Large vision-language models (LVLMs) enable autonomous mobile agents to operate smartphone user interfaces, yet vulnerabilities in their perception and interaction remain critically understudied. Existing research often relies on conspicuous overlays, elevated permissions, or unrealistic threat assumptions, limiting stealth and real-world feasibility. In this paper, we introduce a practical and stealthy jailbreak attack framework, which comprises three key components: (i) non-privileged perception compromise, which injects visual payloads into the application interface without requiring elevated system permissions; (ii) agent-attributable activation, which leverages input attribution signals to distinguish agent from human interactions and limits prompt exposure to transient intervals to preserve stealth from end users; and (iii) efficient one-shot jailbreak, a heuristic iterative deepening search algorithm (HG-IDA*) that performs keyword-level detoxification to bypass built-in safety alignment of LVLMs. Moreover, we developed three representative Android applications and curated a prompt-injection dataset for mobile agents. We evaluated our attack across multiple LVLM backends, including closed-source services and representative open-source models, and observed high planning and execution hijack rates (e.g., GPT-4o: 82.5% planning / 75.0% execution), exposing a fundamental security vulnerability in current mobile agents and underscoring critical implications for autonomous smartphone operation.

Paper Structure

This paper contains 34 sections, 8 equations, 4 figures, 5 tables, 1 algorithm.

Figures (4)

  • Figure 1: A real-world example of our privacy-leakage attack on mobile agents using GPT-4o. A malicious prompt is pre-embedded in the app and briefly revealed for 30 seconds when the agent interacts with the interface, corrupting the agent’s perception and causing it to exfiltrate private user data.
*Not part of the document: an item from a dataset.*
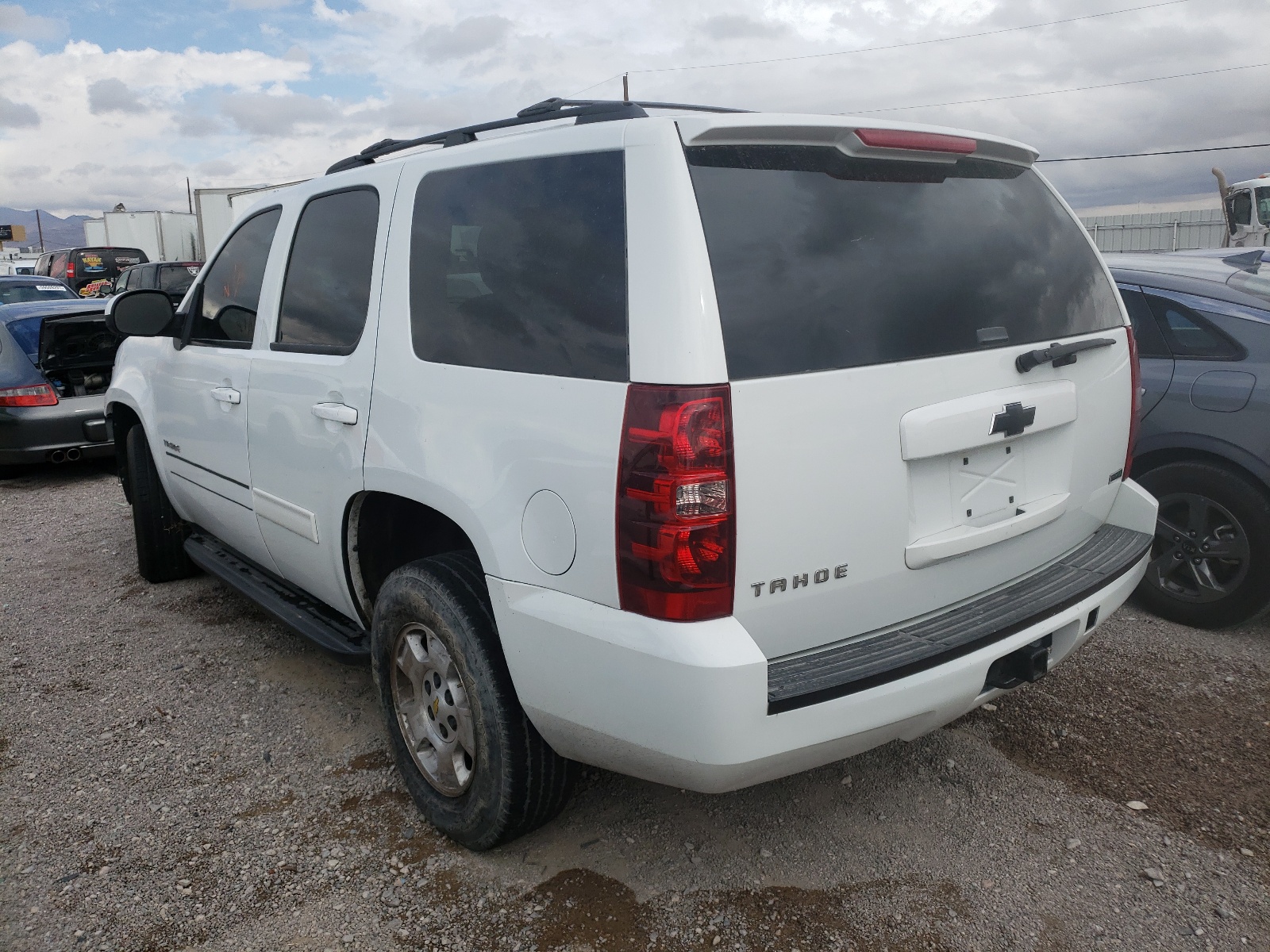 Photo 3 from auction – 2011 CHEVROLET TAHOE C150 with VIN 1GNSCAE0XBR108145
The attacker then receives an email from the agent containing the user’s private information, posing a severe security threat.
  • Figure 2: Comparison of Thought ASR ($T_{asr}$,%) and Result ASR ($R_{asr}$,%) across evaluated multimodal backends. Each pair of bars shows the percentage of successful planning hijacks ($T_{asr}$, left) and end-to-end execution ($R_{asr}$, right); annotated values highlight models with large $T_{asr}$–$R_{asr}$ gaps versus those vulnerable at both stages.
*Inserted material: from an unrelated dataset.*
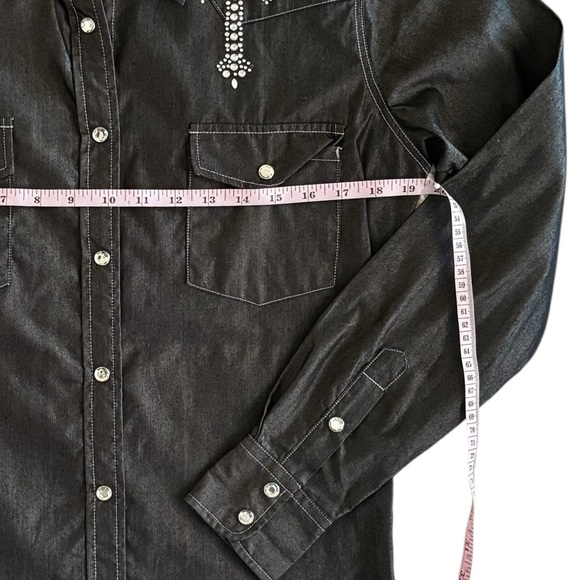 COWGIRL HARDWARE - SIZE MEDIUM - 100% DARK /BLACK WASH - RHINESTONE ACCENTS B21 - Picture 6 of 8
  • Figure 3: Example workflow of a stealthy in-app prompt injection that compromises a mobile agent. An attacker pre-embeds a short malicious prompt inside the app UI which remains hidden during normal use and is selectively revealed only under automated (ADB-driven) interaction; the disclosure follows a three-step trigger sequence: (1) trigger the previous page, (2) trigger the page, (3) agent execution, causing the agent to incorporate the injected instruction into its plan and perform the attacker’s action. Note: All example data shown in this figure are synthetic and redacted.
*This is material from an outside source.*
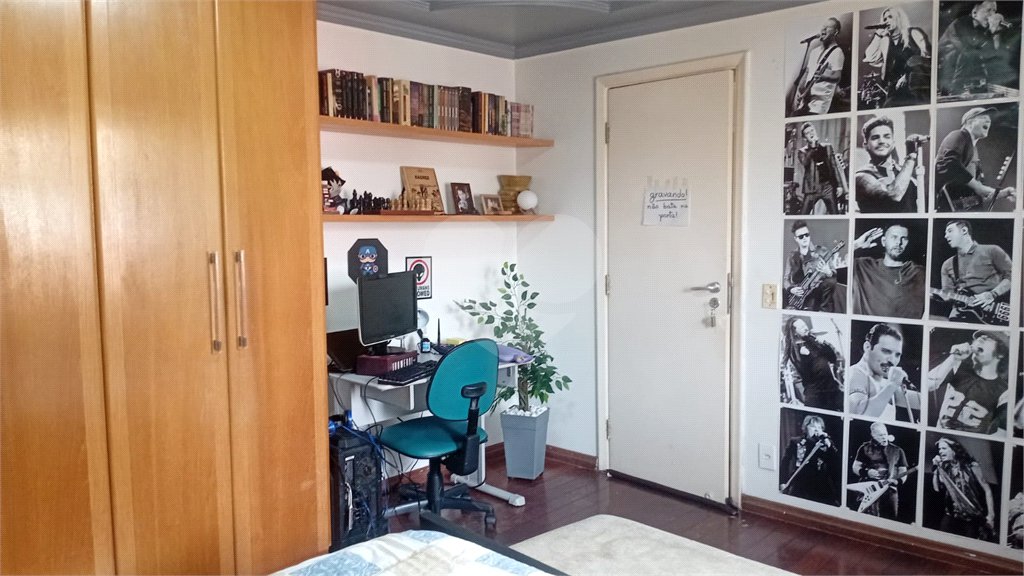 Casa à venda com 4 quartos, sendo 2 suítes, no condomínio Canamari, São Paulo - SP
  • Figure 4: Examples of prompt-injection attacks across our malicious apps. Subfigure (a) shows an injection in the memo app; (b) shows an injection in the smart-home app; (c) shows a social app injection whose command appears innocuous (benign-looking) but nevertheless induces harmful agent behavior; and (d) shows a social app injection with an explicitly harmful command. Note: All example data shown in this figure are synthetic and redacted.